A veces puede que no demos a los guionistas la importancia que tienen en la creación de las películas, pero ellos son la base de todo. De un buen libreto puede salir una buena o una mala película, pero de un mal libreto solo puede salir una mala película. Este es un axioma que nunca falla ya que hay películas con presupuestos desbordantes que acaban siendo horribles por un guion malo, sin sustancia ni conflicto ni nada. Y al revés: películas con poco presupuesto pero con ideas excelentes que acaban siendo recordadas para bien. Pues en ambos casos la “culpa”, además del director, es del guionista. Por eso hay que lamentar la pérdida de un gran desconocido para el público en general, pero no por ello hay que ignorarle: William H. Wisher Jr.
Nació el 23 de mayo de 1955 y ya desde joven se fue haciendo hueco en Hollywood en todo lo que podía, de hecho uno de sus primeros grandes aciertos fue acercarse a un genio del cine, un tal James Cameron que por aquel entonces buscaba su sitio en una empresa tan competitiva.

Cuando el director de las dos primeras Terminator empezó a gestar la primera película, basada en una pesadilla de una calavera entre llamas, William H. Wisher Jr. le prestó su ayuda para desarrollar el guion aportando diálogos, escenas y soluciones narrativas que, poco a poco, fueron dando lugar al guion definitivo de lo que hoy es una de las obras maestras del cine de ciencia ficción y acción: Terminator (1984), protagonizada por Arnold Schwarzenegger, Linda Hamilton y Michael Biehn. No hace falta recordar el éxito que tuvo, absolutamente inesperado, y que se rodó, hablando mal y pronto, “con dos duros”, y muchas veces rodando sin autorización y vigilando que la Policía no les viera para que no les detuviera.
Así que Cameron, que será pesado con las criaturas azules pero de tonto no tiene un pelo, volvió a trabajar codo con codo con él para desarrollar una de las mejores secuelas de la historia: Terminator 2: el juicio final (1991), superando en absolutamente todo a la primera, por supuesto también en el guion. ¿Quién diría que lo que se abordaba en ambas películas, sobre todo en la segunda, iba a prever lo que hoy vemos? Sí, robots inteligentes y su relación con el ser humano.

La siguiente película con su firma fue Juez Dredd (Danny Cannon, 1995), adaptación bastante libre del célebre personaje de los cómics británicos protagonizada por Sylvester Stallone, pero en este caso no tuvo tanto éxito de crítica y público, sobre todo por la polémica decisión de mostrar a Dredd sin el casco (algo solucionado en la película de 2012 y de la que aún tenemos esperanzas de ver secuela).

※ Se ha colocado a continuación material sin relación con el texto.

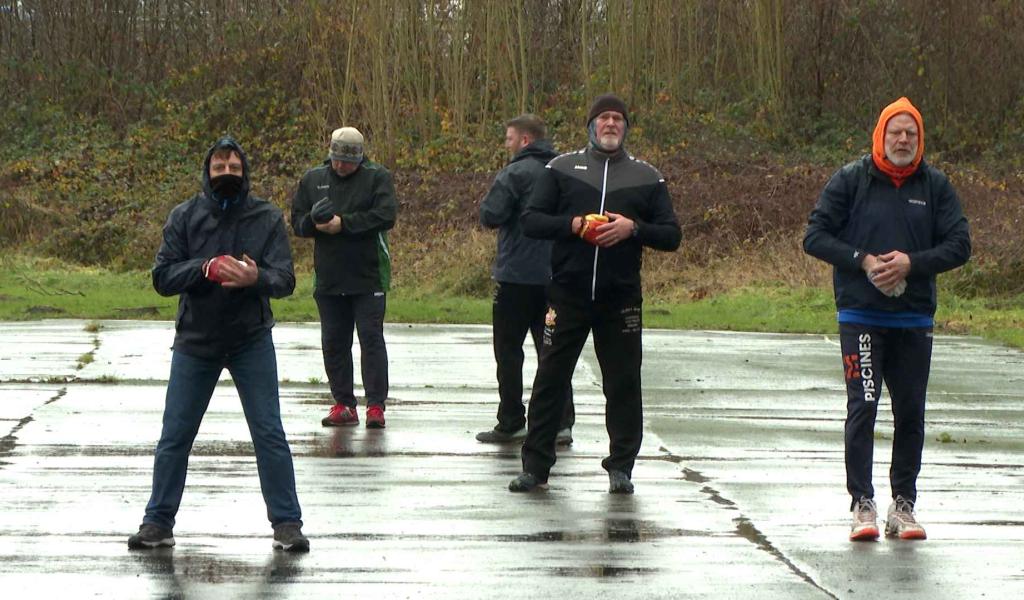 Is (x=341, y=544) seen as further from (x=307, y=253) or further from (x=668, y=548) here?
(x=307, y=253)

Volvió con El guerrero número 13 (John McTiernan, 1999), basada en la novela de Michael Crichton, y colaboró en las dos versiones de la precuela de El exorcista: El exorcista: El comienzo (Renny Harlin, 2004) y Dominion: Prequel to the Exorcist (2005).

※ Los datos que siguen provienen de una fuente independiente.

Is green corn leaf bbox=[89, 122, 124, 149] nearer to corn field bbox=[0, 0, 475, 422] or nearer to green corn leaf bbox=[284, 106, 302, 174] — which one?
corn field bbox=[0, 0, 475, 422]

Sin estar acreditado, en 2007 trabajó en otra magnífica secuela: La jungla 4.0 (Len Wiseman, 2007), cuarta entrega de la saga protagonizada por Bruce Willis; su último trabajo conocido y acreditado fue el thriller tecnológico I.T. (John Moore, 2016), protagonizado por Pierce Brosnan.
Como decimos, la importancia del guionista es fundamental en todas las películas, y se nos ha ido uno de los más grandes aunque su nombre no resuene tanto como el de otros como David Koepp o Aaron Sorkin, pero que merece ser recordado siempre.